Bei der bloßen Beschau der Karte zur Nitratbelastung in Bayern könnte dem Laien zunächst einmal angst und bange werden – vor allem in den rot gefärbten Gebieten im Ries, Jura und rund Mertingen/ Bäumenheim. Hier wird es nun – zusätzlich zur just in Kraft getretenen Dünge-Verordnung – laut Agrarminister Helmut Brunner (CSU) zusätzliche Auflagen für die Landwirtschaft geben. Ob das angemessen ist, oder überhastet – vielleicht ist Vorsicht auch hier besser als Nachsicht, zumal es ja langfristig um die Gesundheit aller geht.
Dennoch stieß die jüngste Veröffentlichung zur Nitratbelastung im Grundwasser mithin ins falsche Horn. Anstatt ganzheitlich und fair aufzuklären, ist durch Verkürzungen Angst entstanden bei den Menschen. Am Pranger steht – wieder mal – der Landwirt. Statt Gebiete in vorauseilendem Gehorsam in gute und schlechte einzuteilen, wäre es wünschenswert gewesen, hätte man die Parameter ebenso populär aufbereitet: Wo und wie wurde gemessen? Sind es konstante Messungen? Betrifft es auch das Trinkwasser? Der Bauer kommt sich nun verunglimpft vor.

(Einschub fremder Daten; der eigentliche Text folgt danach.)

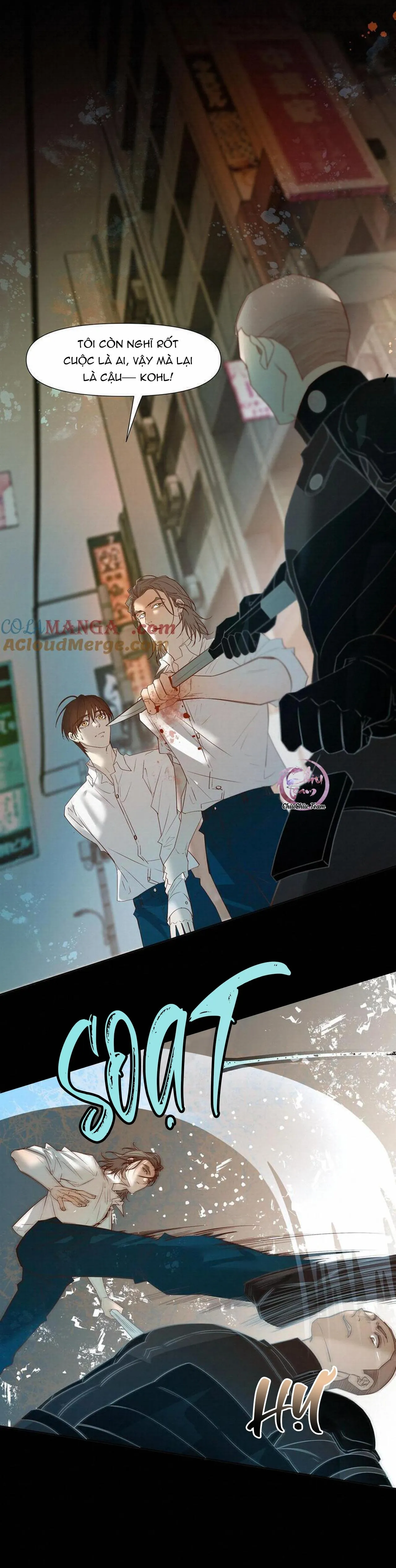 Tuyệt Xử Phùng Sinh Chapter 59 Trang 13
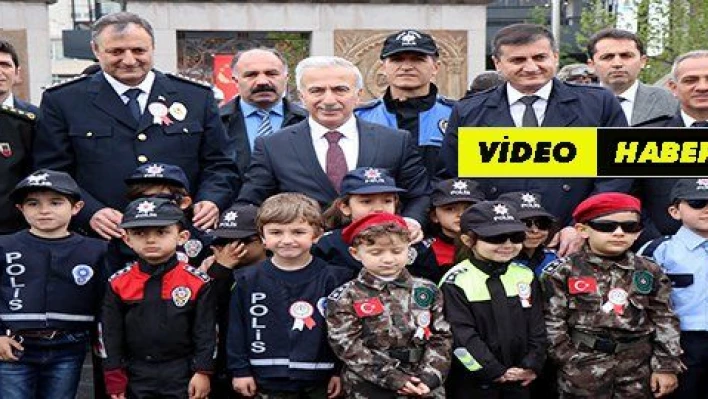 Polis Teşkilatı'nın kuruluşunun 173. Yıldönümü 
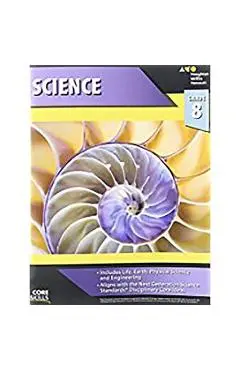 Core Skills Science Workbook Grade 8 - Houghton Mifflin Harcourt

Sinnvoller wäre es, arbeitete man gemeinsam. Natürlich wird die Landwirtschaft bereits staatlich gefördert – aber mit neuen Verordnungen muss im Sinne einer nachhaltigen Versorgung und eines nachhaltigen Landbaus auch neue Unterstützung folgen. Hoffentlich kommt das noch. Die bloße, strikte Verordnung jedenfalls wäre nun ziemlich achtlos gegenüber der sinnvollen Arbeit der Bauern.